Questions you'll need to consider include:
• How does your client store its ESI?
• What types of systems and software does your client use?
• How do you want to produce your client's ESI, including relevant data from complex systems (such as Oracle or SQL databases), or unusual software (such as CAD drawings)?
• How do you want to receive your opponent's files, including e-mails, loose files and data from complex systems or unusual software?
• What type of review will you be performing? Will you want TIFFs (tagged image file formats) and Concordance or Summation load files, native files with preserved metadata attached, or paper?
• Do you want to have forensic examiners review original materials?
Corporate IT systems are complex, and the volume and types of data are expanding daily. In time, more and more lawyers will become e-discovery specialists. For now, how can you avoid the same fate as plaintiff's counsel in D'Onofrio v. SFX Sports Group and know what to ask for in your next Rule 26(f) meet-and-confer?

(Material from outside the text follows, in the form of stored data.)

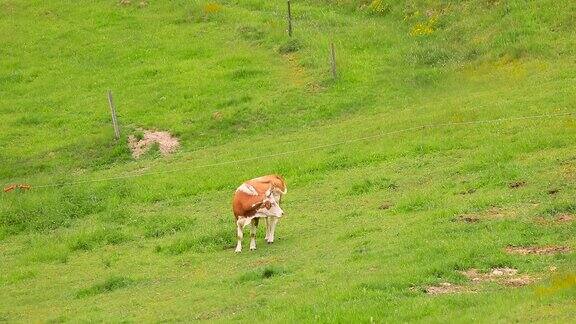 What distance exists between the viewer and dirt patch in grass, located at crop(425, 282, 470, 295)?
17969mm

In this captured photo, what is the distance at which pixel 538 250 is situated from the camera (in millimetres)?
19781

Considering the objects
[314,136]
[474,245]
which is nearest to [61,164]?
[314,136]

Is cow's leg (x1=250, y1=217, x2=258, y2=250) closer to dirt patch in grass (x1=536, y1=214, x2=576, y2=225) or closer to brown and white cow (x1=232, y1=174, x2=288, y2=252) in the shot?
brown and white cow (x1=232, y1=174, x2=288, y2=252)

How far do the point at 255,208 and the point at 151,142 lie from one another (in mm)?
15464

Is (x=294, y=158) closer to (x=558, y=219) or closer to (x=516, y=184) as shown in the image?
(x=516, y=184)

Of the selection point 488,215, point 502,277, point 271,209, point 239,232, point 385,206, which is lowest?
point 385,206

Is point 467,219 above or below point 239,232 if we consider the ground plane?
above

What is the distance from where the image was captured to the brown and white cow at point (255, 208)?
79.2 ft

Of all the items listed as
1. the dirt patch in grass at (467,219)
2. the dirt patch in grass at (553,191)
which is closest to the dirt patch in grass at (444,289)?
the dirt patch in grass at (467,219)

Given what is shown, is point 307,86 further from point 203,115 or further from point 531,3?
point 531,3

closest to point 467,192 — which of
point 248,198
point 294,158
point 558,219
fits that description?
point 558,219

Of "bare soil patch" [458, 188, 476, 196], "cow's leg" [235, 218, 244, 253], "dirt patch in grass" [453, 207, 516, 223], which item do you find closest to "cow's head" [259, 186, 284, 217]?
"cow's leg" [235, 218, 244, 253]

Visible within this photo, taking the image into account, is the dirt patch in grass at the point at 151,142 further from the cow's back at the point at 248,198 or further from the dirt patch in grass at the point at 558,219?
the dirt patch in grass at the point at 558,219

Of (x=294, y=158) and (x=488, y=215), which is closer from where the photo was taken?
(x=488, y=215) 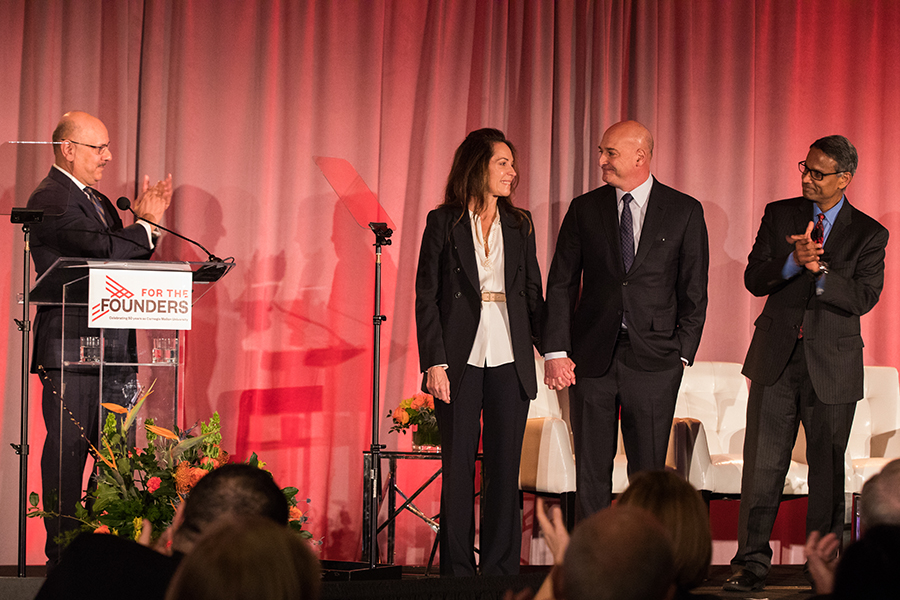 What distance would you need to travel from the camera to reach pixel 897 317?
5.39 meters

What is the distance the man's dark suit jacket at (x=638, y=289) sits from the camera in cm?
341

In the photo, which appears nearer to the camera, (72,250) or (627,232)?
(627,232)

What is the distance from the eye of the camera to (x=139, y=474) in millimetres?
3350

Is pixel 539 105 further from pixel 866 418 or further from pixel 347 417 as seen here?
pixel 866 418

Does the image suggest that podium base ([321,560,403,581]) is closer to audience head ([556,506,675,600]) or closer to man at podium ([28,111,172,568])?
man at podium ([28,111,172,568])

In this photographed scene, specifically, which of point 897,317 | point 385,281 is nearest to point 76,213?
point 385,281

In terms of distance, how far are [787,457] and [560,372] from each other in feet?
3.30

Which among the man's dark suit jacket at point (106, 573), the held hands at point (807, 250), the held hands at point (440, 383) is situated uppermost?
the held hands at point (807, 250)

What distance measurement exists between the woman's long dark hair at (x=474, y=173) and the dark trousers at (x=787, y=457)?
122 cm

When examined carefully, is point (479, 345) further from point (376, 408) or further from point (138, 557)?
point (138, 557)

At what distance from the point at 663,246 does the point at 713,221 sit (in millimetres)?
1975

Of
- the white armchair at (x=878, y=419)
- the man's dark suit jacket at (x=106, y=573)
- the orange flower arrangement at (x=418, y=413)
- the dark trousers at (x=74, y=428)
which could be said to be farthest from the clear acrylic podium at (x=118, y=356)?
the white armchair at (x=878, y=419)

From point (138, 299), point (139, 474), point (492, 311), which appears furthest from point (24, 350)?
point (492, 311)

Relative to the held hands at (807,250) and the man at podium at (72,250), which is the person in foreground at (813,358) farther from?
the man at podium at (72,250) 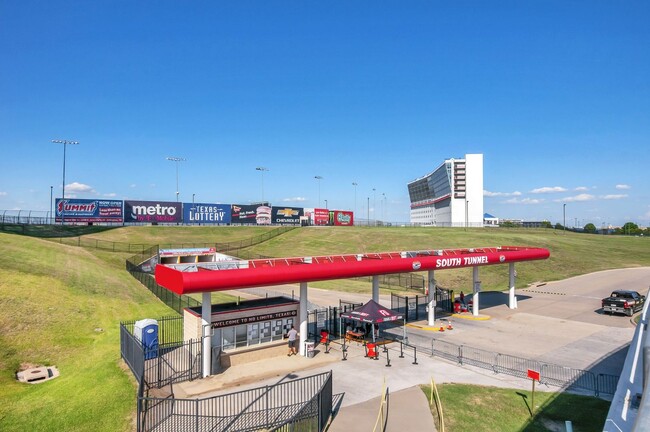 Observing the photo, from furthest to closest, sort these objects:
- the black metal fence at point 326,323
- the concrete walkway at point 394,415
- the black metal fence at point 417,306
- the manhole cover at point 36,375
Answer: the black metal fence at point 417,306, the black metal fence at point 326,323, the manhole cover at point 36,375, the concrete walkway at point 394,415

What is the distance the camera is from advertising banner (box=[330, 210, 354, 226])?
364ft

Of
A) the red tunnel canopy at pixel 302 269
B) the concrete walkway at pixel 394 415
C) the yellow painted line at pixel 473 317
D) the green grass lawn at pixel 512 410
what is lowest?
the yellow painted line at pixel 473 317

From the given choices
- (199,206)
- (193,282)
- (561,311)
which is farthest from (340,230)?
(193,282)

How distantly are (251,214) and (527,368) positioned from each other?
258ft

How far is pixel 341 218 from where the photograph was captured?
11319cm

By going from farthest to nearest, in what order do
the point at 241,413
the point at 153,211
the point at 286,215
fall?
the point at 286,215 → the point at 153,211 → the point at 241,413

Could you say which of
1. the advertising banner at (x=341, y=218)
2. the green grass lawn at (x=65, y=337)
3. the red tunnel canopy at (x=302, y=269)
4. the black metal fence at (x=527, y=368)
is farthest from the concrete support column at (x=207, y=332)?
the advertising banner at (x=341, y=218)

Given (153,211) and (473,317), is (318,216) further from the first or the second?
(473,317)

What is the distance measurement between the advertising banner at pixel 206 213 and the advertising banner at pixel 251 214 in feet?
5.49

Attorneys with the requisite experience and knowledge (directly or through someone on staff) should be able to get up to speed fairly quickly. For the average nontechie lawyer without substantial experience with e-discovery, the answer might be to hire an expert.
No one goes to law school to become an IT geek, but some IT geeks go to law school. If you're not in that category, you should strongly consider finding someone who is. Several e-discovery vendors offer consulting services to assist attorneys in reviewing their client's systems, assessing technical issues, and helping to prepare for and conduct a meet-and-confer session. Such assistance may protect you and protect your client from sharing D'Onofrio's apparent fate.